‘Revolutionary’ plan to axe the ATAR

‘Revolutionary’ plan to axe the ATAR

A revolutionary plan to rethink Australia’s secondary education and move beyond the ATAR has been unveiled today by leading educators, academics and policy experts.

The paper, titled: ‘Beyond ATAR: a proposal for change’ was released this morning by the Australian Learning Lecture (ALL), a prestigious lecture series bringing big ideas in education to national attention.

The document puts forward three inter-locking recommendations to support the transition of young people from compulsory schooling to university and the workplace.

The first of the three proposals are to embrace the period when young people are aged 15-19 as a phase of education. This, the paper’s authors say, would enable all learners to develop their own pathway based on their skills, knowledge and know-how.

The paper also called on states and territories to design a Learner Profile as a common way of representing the full range of attainments that young people gather during their transition years. Similar approaches are already underway in Hong Kong and Harvard University, the paper noted.
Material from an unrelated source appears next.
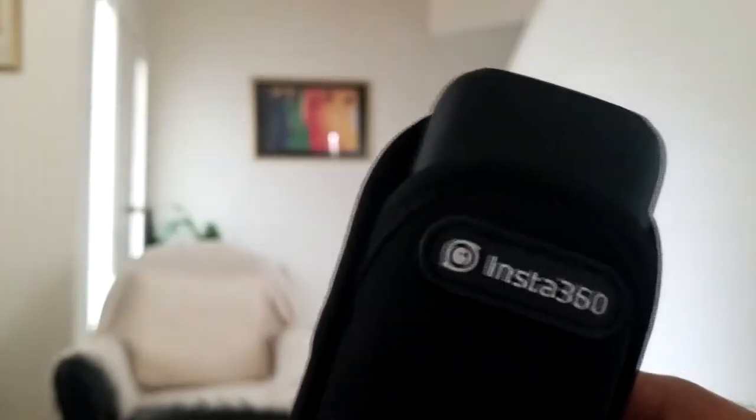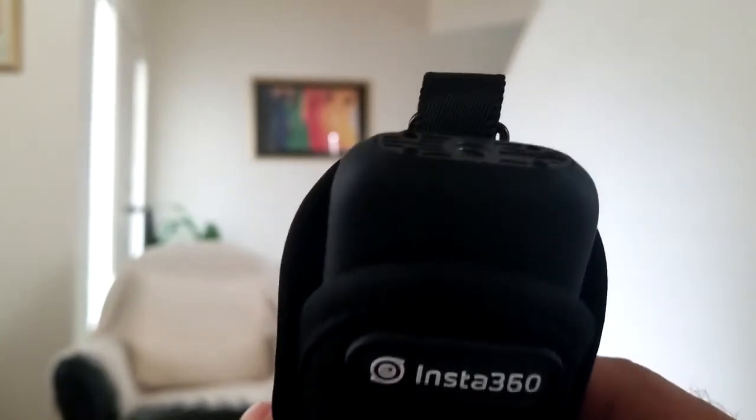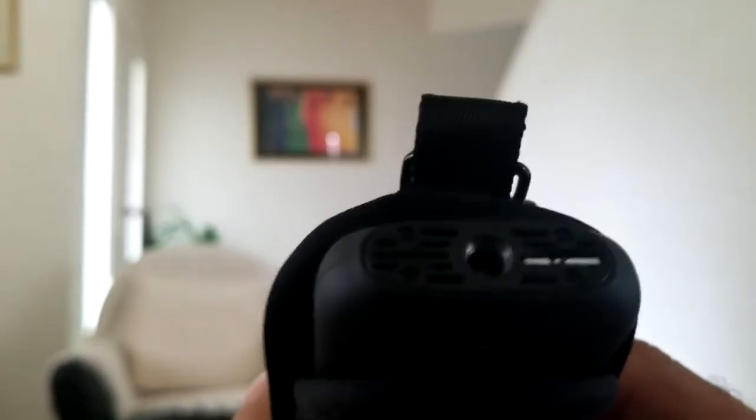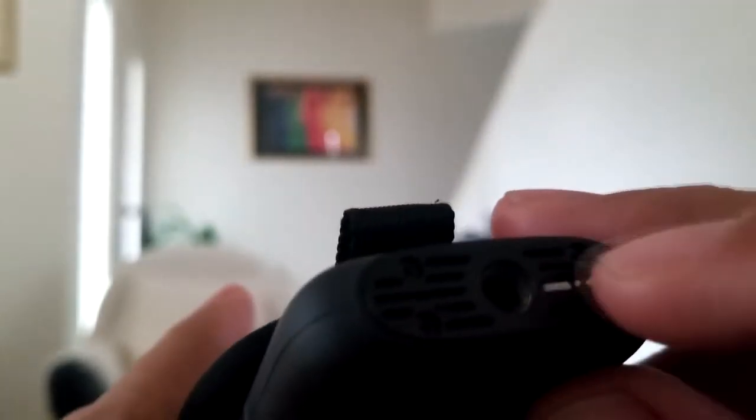One of my pet peeves with the Insta360 ONE X camera is the micro SD card slot — it was impossible to get it in or out without some kind of sharp instrument. Your fingernail couldn't fit in it if it was short.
The third proposal is for tertiary education providers to adopt “broader, more transparent entry criteria and pathways that align with learner’s aspirations and abilities.”

The paper’s authors pointed out that many providers have already established alternatives or additional entry requirements to the ATAR but said the lack of consistency makes it difficult for young people to understand what they need to do.

“People in education have had an appetite for change for a while but have not known what to do,” Ellen Koshland, founder of the Australian Learning Lecture, told The Educator.

“The ALL has worked with a wide cross section of players to propose a new way.”

Koshland said that until there is a new way, educators will “hold to the old”.

“It is easy to measure by exams, but it does not provide the wider set of information needed,” she said.

How principals can help
Koshland said school leaders are “critical” to the ALL’s initiative, adding that the Lecture has involved two highly experienced principals in its Working Parties.

“It is the role of principals to oversee schools where all their students develop their full potential and find success in life after school. Our three proposals will greatly help principals to do this,” Koshland said.

“First, to oversee a process of all students navigating the years of 15-19, helping them to know their interests and strengths, giving students and parents up to date information of the jobs that lie open to them.”

Koshland said this would help principals make parents aware of the reality today.  

“The Learner Profile will allow principals to help students demonstrate that they have the skills needed today – communication, collaboration, critical thinking. These build student agency and ownership of their pathways,” she said.

“Many companies are saying an ATAR score doesn’t tell us what we want to know. Many people cling to what they knew and experienced in education, but that will not serve our students well now.”

Beyond ATAR was written by Megan O’Connell (Honorary Senior Fellow, Melbourne Graduate School of Education), Dr Sandra Milligan (Director and Enterprise Professor, Assessment Research Centre, Melbourne Graduate School of Education, University of Melbourne), and Tom Bentley (Executive Director, Policy and Impact, RMIT University).